Dexter Williams aims to impact Notre Dame’s younger players with lessons of his mistakes
Dexter Williams knows he almost lost his chance to genuinely contribute at Notre Dame only two weeks before that opportunity would finally arrive. Only a fortnight before the 2016 Irish season-opener, Williams and four teammates were arrested on suspicion of marijuana possession; Williams and two of the others were also initially charged with possession of a handgun without a license. The latter charge was dropped and Williams accepted a plea deal regarding the former.
The greater decision would come from the Notre Dame coaches.
“I think about it every day because that could have been my last chance, not just being at Notre Dame but playing football period,” the rising junior running back said following the Blue-Gold Game. “It’s on my mind daily, and I just continue to place myself around positive people and continue to stay positive.”
A full academic year later, Williams has worked his way back into good graces across the board. By no means did 200 rushing yards and three touchdowns on only 39 carries last season hurt that cause, but Williams’ path back to the standing of a good teammate took more than a few flashes of his speed.
“I had to grow up a lot,” he said. “I had to gain respect of my coaches, my teammates and also just begin to work even harder. I knew I let a lot of people down. I let my family down my coaches down, my teammates down. I just wanted to let them know it won’t happen again.
If he didn’t, he would be letting down his mother. When acknowledging that pressure, Williams quickly added another name. Former Notre Dame running back Greg Bryant played a pivotal role in Williams’ recruitment.
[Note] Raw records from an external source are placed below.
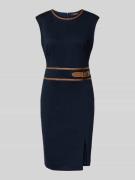 Lauren Ralph Lauren Knielanges Etuikleid mit Rundhalsausschnitt Modell...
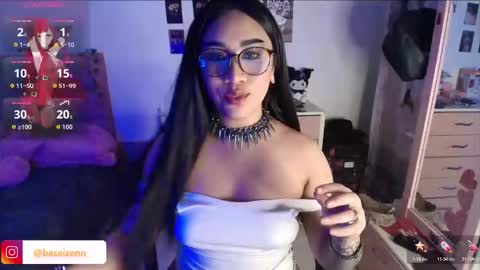 Snapshot of exodiakinky chatting on 01.14.26 Goddess Exodia please help me reach 100 thumbs up online show from 01.14.26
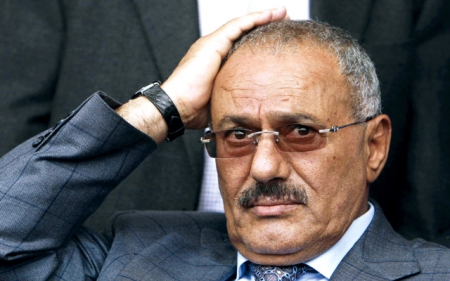 الرئيس اليمني السابق علي عبد الله صالح يدعو إلى العودة للحوار لحل أزمة اليمن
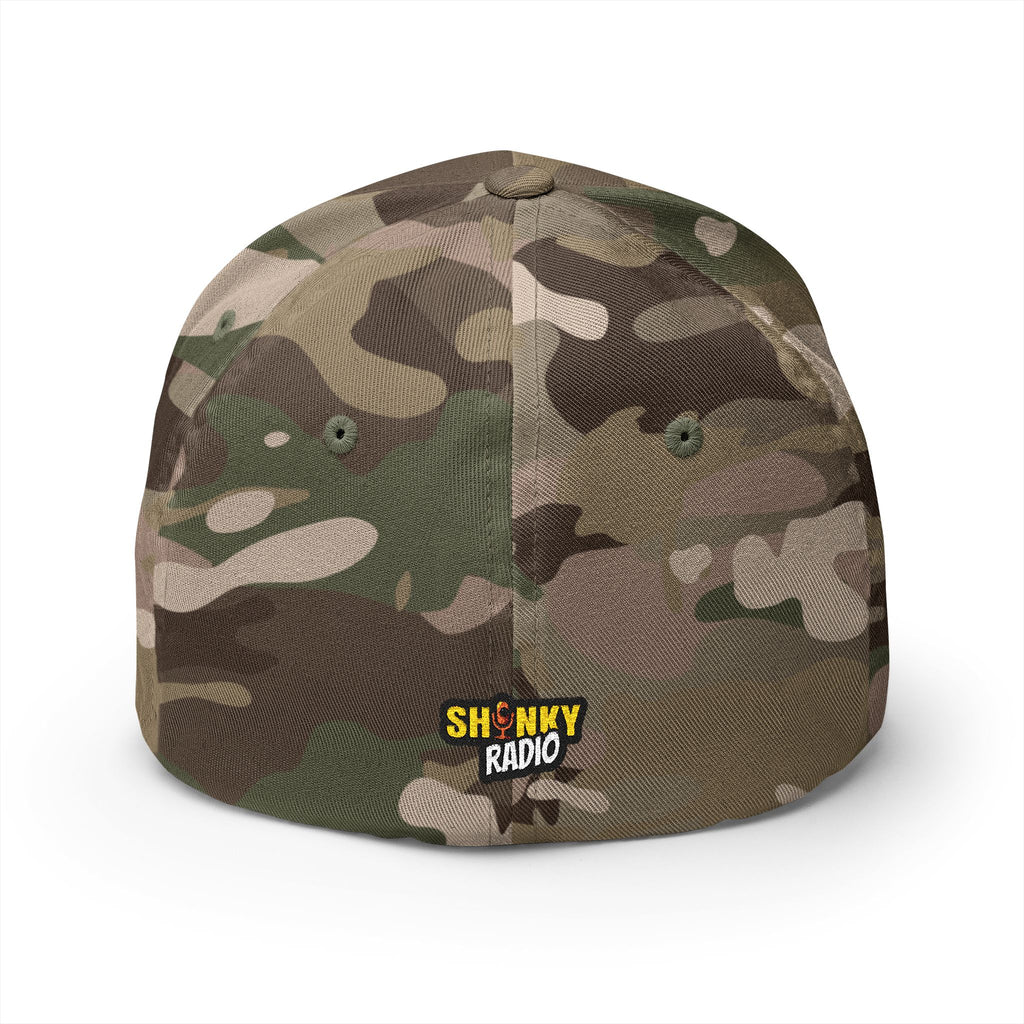 SHONKY RADIO Logo Cap (Closed-Back Baseball Hat)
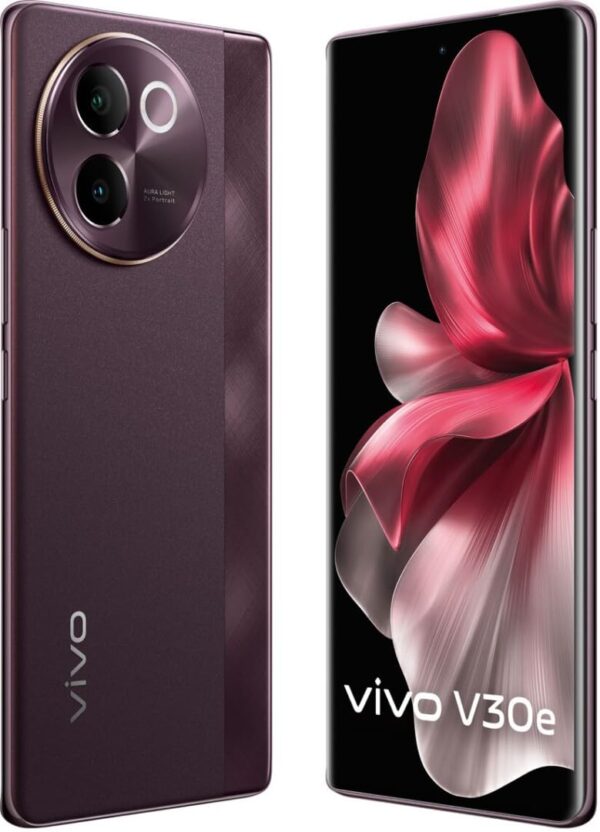 <B>vivo V30e (Velvet Red, 128 GB)  (8 GB RAM)</B> <b style="color: red;"> (MINT) JAYNAGAR </b>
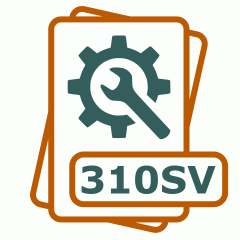 Symbol der 310SV-Datei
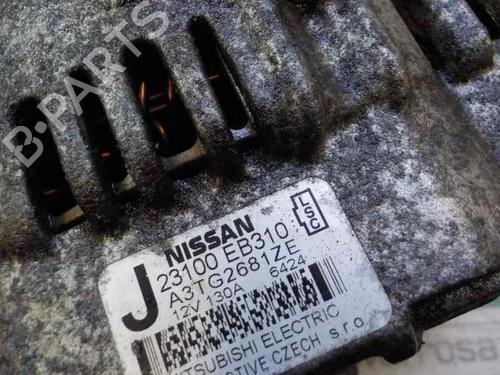 Generator NISSAN NAVARA NP300 (D40) 2.5 dCi 4WD (D40TT, D40T, D40M, D40BB) | BP6329964M7 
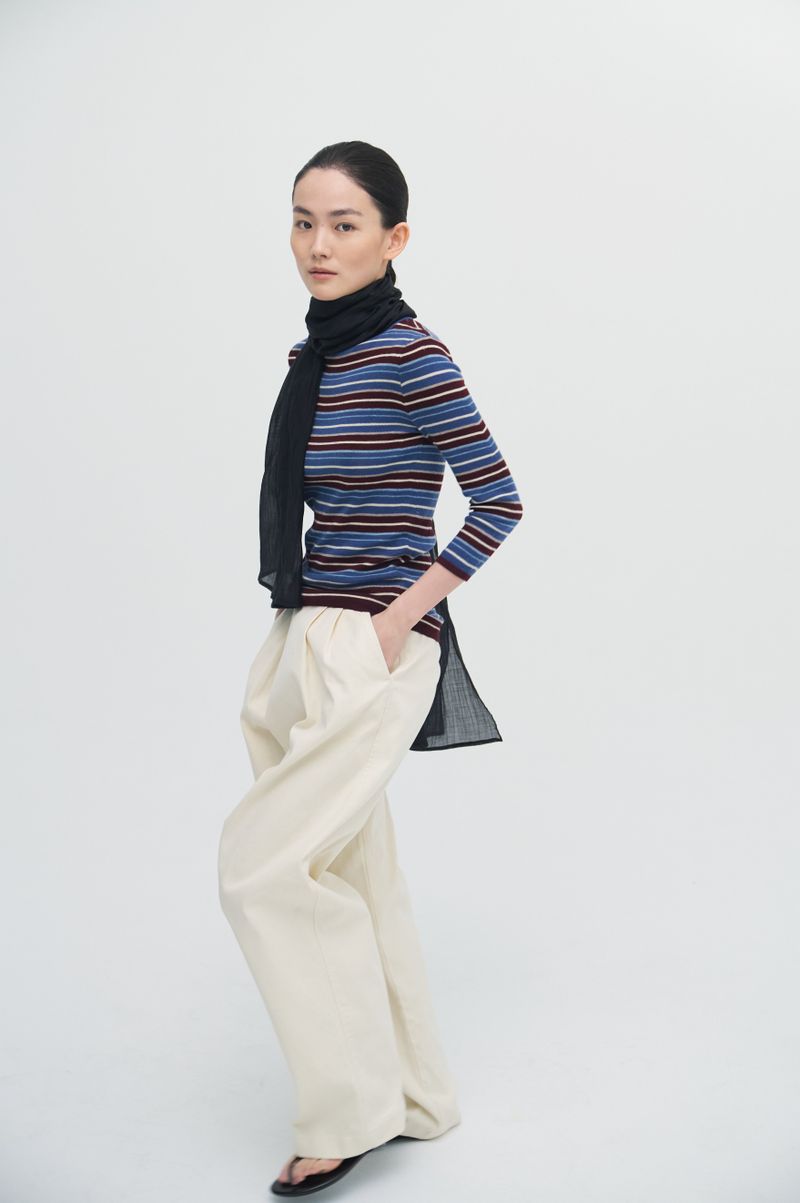 Soft-Grain Scarf_3colors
Both from Florida, Bryant could undoubtedly relate to some of the hesitations an Orlando high schooler might have about moving to northwestern Indiana. Bryant was murdered May 7, 2016.
“Everything that I do is for my mother,” Williams said. “Whatever I’m doing, I make sure is for her, and also for Greg Bryant. He is one of my motivations, as well. Me and Greg had a great relationship.
Williams has done more than go through offseason conditioning—which he said has changed his speed, presumably he meant for the better. He has also taken an interest in his younger teammates. For starters, sophomore running back Tony Jones, Jr., is nearly always within earshot. After moving from receiver back to running back this spring, so was sophomore Deon McIntosh. McIntosh’s move was sparked in part by the shoulder injury suffered by early enrollee freshman C.J. Holmes.
“Those younger guys that come in, those are my brothers, and I don’t want to see them go through the same [mistakes] I went through,” Williams said. “I continue to stay on them as much as my coaches and my teammates stay on me, because I don’t want to see them go down that road. I want to see them do great and be successful.”
For his part, Williams finished spring on a successful note. Much of the conversation during the 15 practices focused on Jones’ emergence, but Williams made sure to end with a notable impression. He took nine carries for 96 yards and a score. The touchdown came on a 38-yard carry, three yards shorter than his longest of the spring finale. Williams added four catches for 36 yards.
Admittedly, some of his success may have had to do with who was in the stands.
“It felt great just having a big game, being on the field with my mom here,” Williams said. “Having my coaches behind me and just having the coaches put me in, having them trust me with the ball, let me go out there and have fun. It was a great feeling.”
Suffice it to say, that is a better feeling than the one Williams had less than nine months ago. At this point, though, he is glad that August mishap occurred.
“I’m looking at it in a positive way, because if something like that didn’t happen, who knows where I could have been,” he said. “I just feel like it was a great eye-opener and it helped me maintain focus, continue on with this process and work harder.”